Problem details —
When you return the data, keep every word exact and include none of the images.

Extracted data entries
□ □ □ □ □ □ □
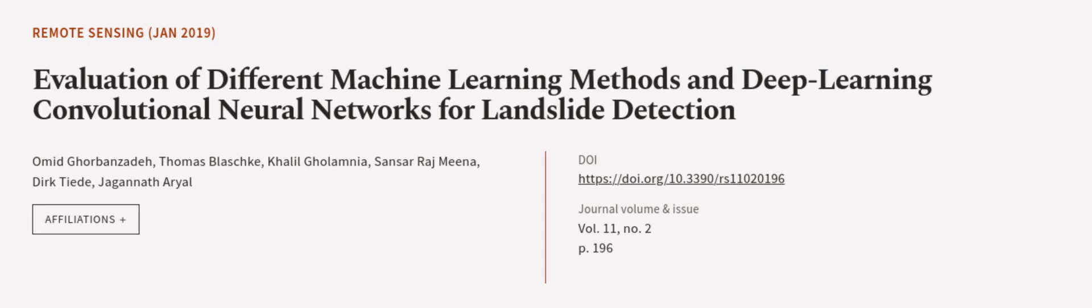This article was authored by Omid Gourbanzidi, Thomas Blasch, Khalil Golamnia, and others. Wearearticle.tv, links in the description below.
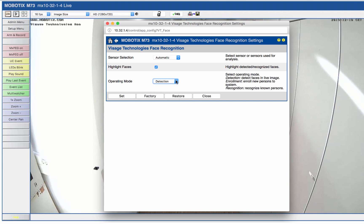For a detailed description of the available setting options, we also recommend the online help of the camera. After the confirmation of the settings, we can view the result of our configuration in the live image.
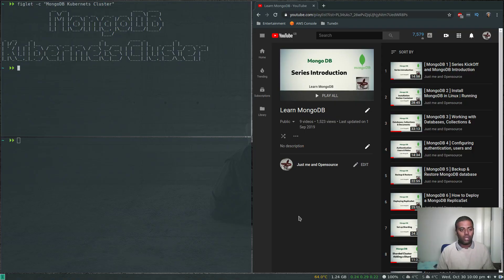Hello viewers, welcome to this video. In this video, let's see how to run a MongoDB database server in a Kubernetes cluster.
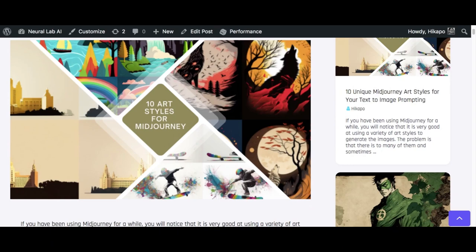Hello fellow Midjourney users. In this post, I'm going to go over 10 art styles that you could potentially use for your text to image prompting.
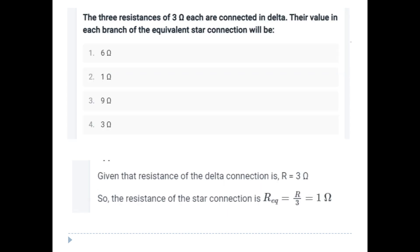Each element of star connected load is R, each element of delta connected load is 3R. The power in delta equals 3 times power in star. If the resistance of the delta equals R, and the resistance of star equals R by 3, both powers are equal.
□ □ □ □ □ □ □
Task result —
This article was authored by Omid Gourbanzidi, Thomas Blasch, Khalil Golamnia, and others. Wearearticle.tv, links in the description below.
For a detailed description of the available setting options, we also recommend the online help of the camera. After the confirmation of the settings, we can view the result of our configuration in the live image.
Hello viewers, welcome to this video. In this video, let's see how to run a MongoDB database server in a Kubernetes cluster.
Hello fellow Midjourney users. In this post, I'm going to go over 10 art styles that you could potentially use for your text to image prompting.
Each element of star connected load is R, each element of delta connected load is 3R. The power in delta equals 3 times power in star. If the resistance of the delta equals R, and the resistance of star equals R by 3, both powers are equal.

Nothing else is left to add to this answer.